Robert Altamn (USA 2006 - distributeur : Cineart)

Meryl Streep, Lily Tomlin, Woody Harrelon, Kevin Kline, Tommy Lee Jones

100 min.
6 décembre 2006
A PRAIRIE HOME COMPANION

Merci Monsieur Altman, avant de tirer votre révérence, de nous avoir permis de passer en compagnie d’acteurs épatants un samedi soir à Saint Paul Minnesota. Parce que vous aviez quatre-vingt ans, à la demande des compagnies d’assurances, la production vous avait affecté d’un doublon…. Les Dieux du Midwest et de sa fougueuse prairie ont veillé à ce que cet assistant-rescue soit d’une qualité, qui lorsqu’elle sera lestée de quelques lustres supplémentaires, pourra rejoindre la vôtre : Paul Thomas Anderson

Dans le théâtre Fitzgerald, hommage à cet autre créateur hanté par la nostalgie, a lieu pour la dernière fois la trentenaire émission de radio (*), celle-là même qui donne au film son titre.

Altman, plutôt que de raconter ces dernières heures, choisit de laisser sa caméra capter les visages les émotions ou les fanfaronnades de ceux qui vont donner à ce last show son pesant d’humanité.

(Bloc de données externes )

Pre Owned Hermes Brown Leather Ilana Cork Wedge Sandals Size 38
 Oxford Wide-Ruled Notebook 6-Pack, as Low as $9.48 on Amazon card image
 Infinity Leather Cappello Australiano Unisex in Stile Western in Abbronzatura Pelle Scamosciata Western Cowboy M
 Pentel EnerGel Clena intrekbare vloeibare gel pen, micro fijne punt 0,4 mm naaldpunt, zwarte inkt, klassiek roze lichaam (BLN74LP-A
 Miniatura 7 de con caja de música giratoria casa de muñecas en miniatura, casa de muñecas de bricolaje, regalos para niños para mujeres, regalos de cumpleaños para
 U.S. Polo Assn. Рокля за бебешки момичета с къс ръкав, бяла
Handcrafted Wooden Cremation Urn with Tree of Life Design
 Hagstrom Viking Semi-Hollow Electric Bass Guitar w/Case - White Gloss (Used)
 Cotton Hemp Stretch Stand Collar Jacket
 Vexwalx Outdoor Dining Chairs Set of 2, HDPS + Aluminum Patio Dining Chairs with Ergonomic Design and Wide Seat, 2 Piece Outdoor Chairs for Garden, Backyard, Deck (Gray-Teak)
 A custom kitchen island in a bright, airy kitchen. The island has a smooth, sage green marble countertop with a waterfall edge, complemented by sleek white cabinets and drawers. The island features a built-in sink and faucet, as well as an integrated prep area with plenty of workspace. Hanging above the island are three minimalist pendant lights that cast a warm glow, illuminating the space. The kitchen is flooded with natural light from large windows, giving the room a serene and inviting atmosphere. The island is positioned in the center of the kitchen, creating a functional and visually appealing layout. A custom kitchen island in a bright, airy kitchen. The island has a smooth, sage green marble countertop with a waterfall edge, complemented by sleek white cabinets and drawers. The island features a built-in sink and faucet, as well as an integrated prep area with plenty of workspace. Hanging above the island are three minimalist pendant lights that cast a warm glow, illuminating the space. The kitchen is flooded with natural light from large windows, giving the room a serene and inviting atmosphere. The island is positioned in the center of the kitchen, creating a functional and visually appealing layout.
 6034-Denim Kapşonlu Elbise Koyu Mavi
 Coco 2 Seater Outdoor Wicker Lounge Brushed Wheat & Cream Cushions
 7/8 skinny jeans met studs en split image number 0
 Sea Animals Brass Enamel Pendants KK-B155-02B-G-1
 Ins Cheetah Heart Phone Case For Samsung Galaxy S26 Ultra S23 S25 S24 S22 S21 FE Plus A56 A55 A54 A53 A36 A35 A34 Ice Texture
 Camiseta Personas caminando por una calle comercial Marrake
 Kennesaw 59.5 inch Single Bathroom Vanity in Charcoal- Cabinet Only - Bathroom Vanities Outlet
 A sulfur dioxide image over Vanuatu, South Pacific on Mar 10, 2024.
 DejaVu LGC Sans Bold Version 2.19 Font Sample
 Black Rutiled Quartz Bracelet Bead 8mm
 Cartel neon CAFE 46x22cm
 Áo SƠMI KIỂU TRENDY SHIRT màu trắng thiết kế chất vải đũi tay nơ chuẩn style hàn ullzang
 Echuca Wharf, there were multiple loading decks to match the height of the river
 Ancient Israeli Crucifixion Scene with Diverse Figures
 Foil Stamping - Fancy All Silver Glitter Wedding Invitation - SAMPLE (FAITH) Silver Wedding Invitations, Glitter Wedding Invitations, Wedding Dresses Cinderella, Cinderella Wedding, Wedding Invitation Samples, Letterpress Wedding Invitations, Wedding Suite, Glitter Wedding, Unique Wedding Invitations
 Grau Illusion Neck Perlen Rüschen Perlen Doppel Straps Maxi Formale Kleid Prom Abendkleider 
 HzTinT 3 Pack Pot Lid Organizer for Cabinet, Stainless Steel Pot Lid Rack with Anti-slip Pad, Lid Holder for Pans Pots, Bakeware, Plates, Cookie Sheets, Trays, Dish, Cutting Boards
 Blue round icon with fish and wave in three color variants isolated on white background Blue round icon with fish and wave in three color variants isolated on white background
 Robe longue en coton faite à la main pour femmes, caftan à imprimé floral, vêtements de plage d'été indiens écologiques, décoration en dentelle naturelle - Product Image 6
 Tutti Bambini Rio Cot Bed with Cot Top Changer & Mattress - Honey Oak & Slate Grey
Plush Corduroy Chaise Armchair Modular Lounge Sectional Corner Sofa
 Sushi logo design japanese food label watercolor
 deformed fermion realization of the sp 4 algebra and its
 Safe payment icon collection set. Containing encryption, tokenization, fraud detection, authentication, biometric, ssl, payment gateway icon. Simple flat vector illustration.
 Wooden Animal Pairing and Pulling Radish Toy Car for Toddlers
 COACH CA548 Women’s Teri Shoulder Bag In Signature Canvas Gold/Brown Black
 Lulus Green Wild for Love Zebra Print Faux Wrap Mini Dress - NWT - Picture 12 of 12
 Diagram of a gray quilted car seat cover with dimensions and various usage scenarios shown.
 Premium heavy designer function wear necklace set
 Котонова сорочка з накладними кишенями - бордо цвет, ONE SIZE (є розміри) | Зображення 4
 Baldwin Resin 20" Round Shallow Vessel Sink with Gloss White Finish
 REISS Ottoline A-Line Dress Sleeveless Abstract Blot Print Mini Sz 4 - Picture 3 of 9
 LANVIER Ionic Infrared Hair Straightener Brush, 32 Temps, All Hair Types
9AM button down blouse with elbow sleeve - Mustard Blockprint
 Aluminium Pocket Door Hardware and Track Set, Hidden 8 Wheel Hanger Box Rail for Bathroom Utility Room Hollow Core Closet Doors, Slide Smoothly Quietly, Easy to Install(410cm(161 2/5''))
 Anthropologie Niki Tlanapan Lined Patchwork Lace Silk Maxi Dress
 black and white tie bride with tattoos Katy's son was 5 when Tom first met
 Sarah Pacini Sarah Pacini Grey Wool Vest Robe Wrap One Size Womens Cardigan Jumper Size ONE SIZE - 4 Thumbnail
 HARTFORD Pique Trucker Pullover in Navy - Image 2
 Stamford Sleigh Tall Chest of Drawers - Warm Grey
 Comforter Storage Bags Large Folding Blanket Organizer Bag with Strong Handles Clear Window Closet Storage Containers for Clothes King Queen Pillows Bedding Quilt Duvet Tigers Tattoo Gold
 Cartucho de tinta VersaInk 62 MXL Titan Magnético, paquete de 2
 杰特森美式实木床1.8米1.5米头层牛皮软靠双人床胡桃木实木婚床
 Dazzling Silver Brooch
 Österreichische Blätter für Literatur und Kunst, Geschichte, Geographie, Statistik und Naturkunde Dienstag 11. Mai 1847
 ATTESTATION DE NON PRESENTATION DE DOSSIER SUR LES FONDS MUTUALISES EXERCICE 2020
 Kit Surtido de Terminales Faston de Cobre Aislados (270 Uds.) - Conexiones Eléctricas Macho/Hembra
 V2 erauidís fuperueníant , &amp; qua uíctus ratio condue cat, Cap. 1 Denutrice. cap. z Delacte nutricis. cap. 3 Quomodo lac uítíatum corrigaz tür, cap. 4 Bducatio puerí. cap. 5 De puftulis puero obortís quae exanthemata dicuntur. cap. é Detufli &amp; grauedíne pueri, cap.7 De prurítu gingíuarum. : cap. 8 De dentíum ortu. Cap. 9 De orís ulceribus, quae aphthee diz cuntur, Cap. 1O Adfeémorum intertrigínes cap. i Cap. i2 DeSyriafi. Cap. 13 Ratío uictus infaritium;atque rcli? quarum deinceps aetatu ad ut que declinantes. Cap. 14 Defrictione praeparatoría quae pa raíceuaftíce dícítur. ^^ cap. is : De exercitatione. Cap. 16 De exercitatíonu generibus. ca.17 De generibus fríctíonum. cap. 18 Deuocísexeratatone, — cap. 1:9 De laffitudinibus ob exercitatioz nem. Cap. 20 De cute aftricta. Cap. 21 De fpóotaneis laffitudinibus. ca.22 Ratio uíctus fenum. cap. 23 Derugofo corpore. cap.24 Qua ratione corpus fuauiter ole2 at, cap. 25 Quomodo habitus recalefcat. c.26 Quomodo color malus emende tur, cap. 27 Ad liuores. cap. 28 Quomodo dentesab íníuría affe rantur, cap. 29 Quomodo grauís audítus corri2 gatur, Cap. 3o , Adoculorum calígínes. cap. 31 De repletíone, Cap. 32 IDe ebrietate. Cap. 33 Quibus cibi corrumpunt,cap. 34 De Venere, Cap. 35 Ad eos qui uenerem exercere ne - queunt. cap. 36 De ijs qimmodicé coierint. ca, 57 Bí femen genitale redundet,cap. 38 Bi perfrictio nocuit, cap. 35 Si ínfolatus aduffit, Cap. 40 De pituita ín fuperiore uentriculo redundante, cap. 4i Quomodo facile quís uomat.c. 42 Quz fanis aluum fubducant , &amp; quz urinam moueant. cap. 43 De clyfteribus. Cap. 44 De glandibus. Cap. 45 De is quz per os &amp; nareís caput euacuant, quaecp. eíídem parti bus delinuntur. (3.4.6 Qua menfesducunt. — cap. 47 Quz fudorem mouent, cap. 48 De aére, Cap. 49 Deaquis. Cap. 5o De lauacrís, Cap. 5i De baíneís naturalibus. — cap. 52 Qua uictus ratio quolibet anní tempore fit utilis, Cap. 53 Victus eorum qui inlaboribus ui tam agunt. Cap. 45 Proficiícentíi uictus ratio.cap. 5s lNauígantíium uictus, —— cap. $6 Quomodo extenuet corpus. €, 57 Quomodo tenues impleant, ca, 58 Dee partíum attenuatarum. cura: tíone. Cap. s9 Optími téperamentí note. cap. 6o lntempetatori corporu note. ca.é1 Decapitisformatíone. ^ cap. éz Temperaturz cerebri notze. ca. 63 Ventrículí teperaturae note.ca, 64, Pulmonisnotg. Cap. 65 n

Mélange d’ironie, de tristesse et de tendresse « A prairie … » suit l’émission dans son déroulement naturel et bonhomme. Même le contingent le plus radical, la mort d’un artiste dans sa loge, est avalé, assimilé par la nécessité vitale pour le spectacle de continuer.

Et de continuer sur 4 espaces qui se mélangent avec une harmonie qui touche à l’enchantement. Sur scène des sœurs chanteuses d’airs désuets comme leurs illusions, des cow-boys à la voix râpeuse et aux blagues idiotes, des joueurs de banjo, un bruiteur, une débutante aux idées suicidaires.

En coulisses, un privé parodique, une sandwhicheuse amoureuse et une assistante enceinte. Dans la salle un public invisible mais ravi. Dans la loge le promoteur texan qui a racheté le Fitzgerald pour en faire, comme dans « La dernière séance » d’Eddy Mitchell un parking.

Sur ces têtes rassemblées, par hasard ou par nécessité, flotte une présence mystérieuse. Celle d’une belle jeune femme au trench-coat blanc dont la gravité, à laquelle il est impossible d’échapper, rappelle celle de Maria Casares, chargée elle aussi, dans l’ « Orphée » de Cocteau de conduire l’élu du jour vers sa dernière demeure.

Cet ultime spectacle n’est pas un testament mais un cadeau offert par un cinéaste qui sait que les improvisations, les imperfections, les à-peu-près font partie de la vie et des spectacles.

Il est aussi une mise en garde à l’égard d’un monde, celui de la finance, qui menace les endroits où règnent désordre, désinvolture et création non planifiée.

Il est surtout une formidable ode à la générosité, ce don de soi et de son talent afin de permettre à d’autres d’être heureux malgré la mort qui rôde, malgré les années qui passent, malgré les rêves qui s’estompent 

Mission accomplie, Monsieur Altman, vous pouvez rejoindre votre confrère Huston, qui lui aussi, avait su, dans son dernier film « Dubliners », rendre la profondeur des liens qui unissent la vie à la mort. (m.c.a)

(*) cette émission, dans la réalité, continue d’exister et elle est toujours animé par l’humoriste Garrison Keillor, celui-là même qui dans le « New York Times » avait violemment critiqué l’ “American vertigo” de Bernard-Henri Levy.